There are several kinds of asset in the long-term asset category, such as long-term investments, fixed assets and intangible assets.

Property, Plant and Equipment

Fixed assets are things you buy for your company's internal use rather than resale. Examples in this accounting category include land, buildings, cars, machinery and computers. The category is also known in accounting as "property, plants and equipment." The fixed-asset entry doesn't include assets such as office supplies or raw materials that you'll use up within a year. You record fixed assets on your company's balance sheet at the purchase price, marked down over time for depreciation.

Assets You Cannot See

Intangible assets are a different kettle of fish. They include such non-physical property as domain names, copyrights, trademarks, employment contracts, noncompete agreements and customer lists. They also include goodwill – the intangible benefits of having a positive reputation.

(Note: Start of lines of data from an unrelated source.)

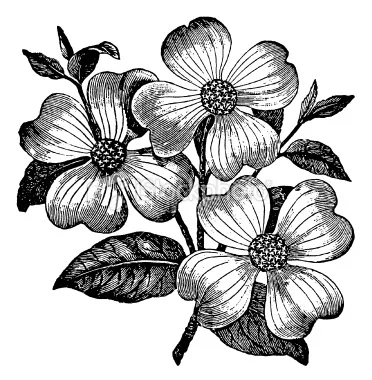 vintage flower.jpg
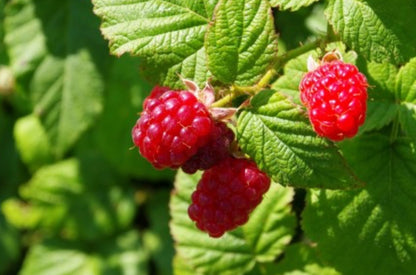 Red Raspberry Leaves [Fertility][Labor Support]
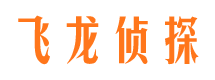 新泰资产调查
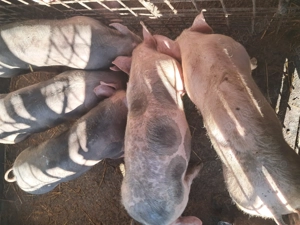 Purcei din rasa pietrean belgian, cu vârsta de 3,5 luni de vânzare - imagine 2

You only record the value of intangible assets when you buy them. Suppose rather than starting your own plumbing business, you buy an established local company. Part of the purchase price goes to intangibles, such as the company's goodwill and trademarks. If you start your own plumbing business and create your own trademarks, you don't assign them any value as assets.

Investments Held For More than One Year

Long-term investments are those you're going to hang onto for more than 12 months. A house you buy to flip in a few months wouldn't count, but if you plan to wait a few years it would qualify. Stocks and bonds your company plans to keep for more than a year fit this category too. This class of assets doesn't include things you use in your business operations. Land you buy for a new factory is a fixed asset, for instance, but it's not a long-term investment. These investments go on the balance sheet separately from other long-term assets.

Payments Made in Advance

A deferred charge is a payment in advance. This can include anything from paying your supplier before delivery to paying a lump sum to your insurer to cover the next 12 months. If the period covered is long enough, the deferred charge qualifies as a long-term asset. Typical deferred charges include prepaid rent, prepaid insurance and prepaid advertising.

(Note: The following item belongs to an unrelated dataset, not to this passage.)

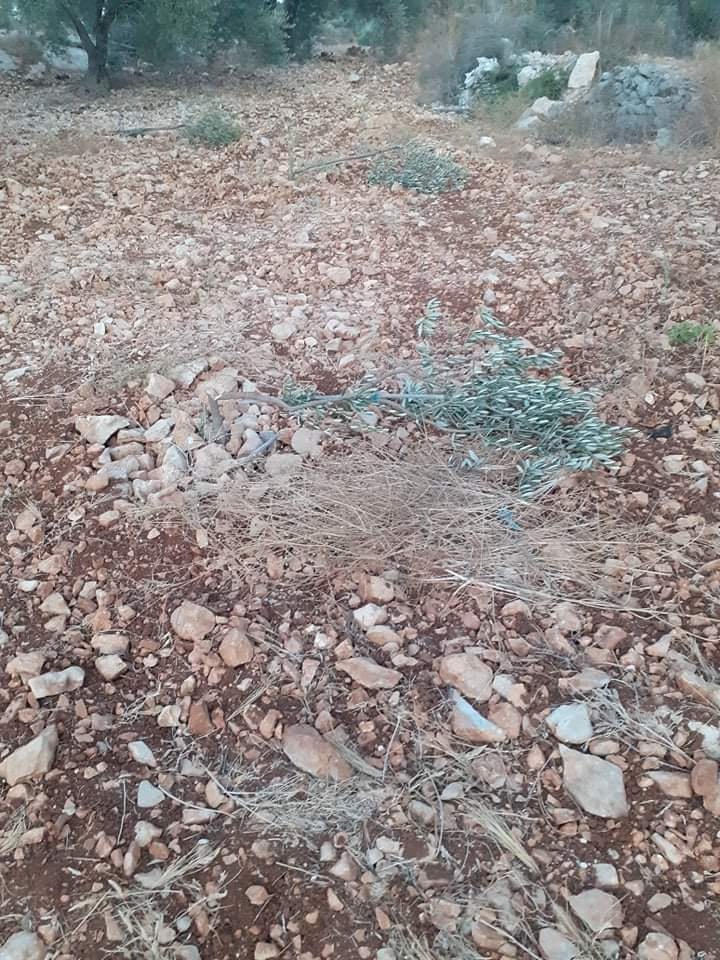مستوطنون يقتلعون 15 شجرة زيتون غرب سلفيت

You record the initial payment as an asset on the balance sheet. If you pay $60,000 in rent for the next two years, that's an asset because it guarantees you the use of the premises. Each month, you reduce the asset account and record that month's rent as an expense on the income statement. Otherwise, the huge expense of the initial payment would make your business look much worse off financially than it really is.

What are long term assets examples?

Some examples of long-term assets include: Fixed assets like property, plant, and equipment, which can include land, machinery, buildings, fixtures, and vehicles. Long-term investments such as stocks and bonds or real estate, or investments made in other companies.

What is not a long term asset?

Investments Held For More than One Year Stocks and bonds your company plans to keep for more than a year fit this category too. This class of assets doesn't include things you use in your business operations. Land you buy for a new factory is a fixed asset, for instance, but it's not a long-term investment.

How do you calculate long term assets?

In the balance sheet; Assets = shareholder equity + liabilities The equation is so because a company can only purchase its assets using the capital it obtains from shareholder equity and debt payments.

What are the short term and long term assets?

The long term assets are such assets that are used for long duration i.e. more than a year in the business to generate revenue whereas short term assets are those assets that are used for less than a year and generate revenue/income within one year period.